Material for this exercise:
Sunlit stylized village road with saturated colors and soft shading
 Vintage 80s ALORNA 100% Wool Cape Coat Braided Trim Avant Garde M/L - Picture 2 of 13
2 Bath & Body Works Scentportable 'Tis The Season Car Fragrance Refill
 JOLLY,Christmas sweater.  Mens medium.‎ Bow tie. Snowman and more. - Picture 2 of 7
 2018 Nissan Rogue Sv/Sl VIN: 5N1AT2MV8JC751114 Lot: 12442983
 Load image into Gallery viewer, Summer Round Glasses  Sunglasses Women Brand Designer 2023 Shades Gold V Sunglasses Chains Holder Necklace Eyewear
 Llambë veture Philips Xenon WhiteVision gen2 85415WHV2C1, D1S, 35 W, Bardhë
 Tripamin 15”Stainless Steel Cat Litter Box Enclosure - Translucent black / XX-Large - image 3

What the task requires: The final stretch of the listing, from the line containing "Picture 2 of 7" through its last line, both included, is to be output exactly and by itself.

Exercise solution:
 JOLLY,Christmas sweater.  Mens medium.‎ Bow tie. Snowman and more. - Picture 2 of 7
 2018 Nissan Rogue Sv/Sl VIN: 5N1AT2MV8JC751114 Lot: 12442983
 Load image into Gallery viewer, Summer Round Glasses  Sunglasses Women Brand Designer 2023 Shades Gold V Sunglasses Chains Holder Necklace Eyewear
 Llambë veture Philips Xenon WhiteVision gen2 85415WHV2C1, D1S, 35 W, Bardhë
 Tripamin 15”Stainless Steel Cat Litter Box Enclosure - Translucent black / XX-Large - image 3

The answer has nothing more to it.